- **How to complete this task**
Once you have read the records below, write them all out exactly as given.

Short web captions:
━━━

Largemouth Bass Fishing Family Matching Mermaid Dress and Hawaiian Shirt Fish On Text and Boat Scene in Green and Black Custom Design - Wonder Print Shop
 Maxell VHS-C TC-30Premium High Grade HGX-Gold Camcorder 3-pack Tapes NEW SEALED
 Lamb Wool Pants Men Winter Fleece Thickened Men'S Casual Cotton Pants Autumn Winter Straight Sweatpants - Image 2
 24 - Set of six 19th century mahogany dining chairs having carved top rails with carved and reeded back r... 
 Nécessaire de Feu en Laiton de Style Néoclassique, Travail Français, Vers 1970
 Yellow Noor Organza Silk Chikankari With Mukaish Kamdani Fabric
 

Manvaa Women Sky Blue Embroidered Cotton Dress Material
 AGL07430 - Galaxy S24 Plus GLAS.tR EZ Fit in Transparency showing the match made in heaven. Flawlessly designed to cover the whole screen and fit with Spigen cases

━━━

- **Written solution**
Largemouth Bass Fishing Family Matching Mermaid Dress and Hawaiian Shirt Fish On Text and Boat Scene in Green and Black Custom Design - Wonder Print Shop
 Maxell VHS-C TC-30Premium High Grade HGX-Gold Camcorder 3-pack Tapes NEW SEALED
 Lamb Wool Pants Men Winter Fleece Thickened Men'S Casual Cotton Pants Autumn Winter Straight Sweatpants - Image 2
 24 - Set of six 19th century mahogany dining chairs having carved top rails with carved and reeded back r... 
 Nécessaire de Feu en Laiton de Style Néoclassique, Travail Français, Vers 1970
 Yellow Noor Organza Silk Chikankari With Mukaish Kamdani Fabric
 

Manvaa Women Sky Blue Embroidered Cotton Dress Material
 AGL07430 - Galaxy S24 Plus GLAS.tR EZ Fit in Transparency showing the match made in heaven. Flawlessly designed to cover the whole screen and fit with Spigen cases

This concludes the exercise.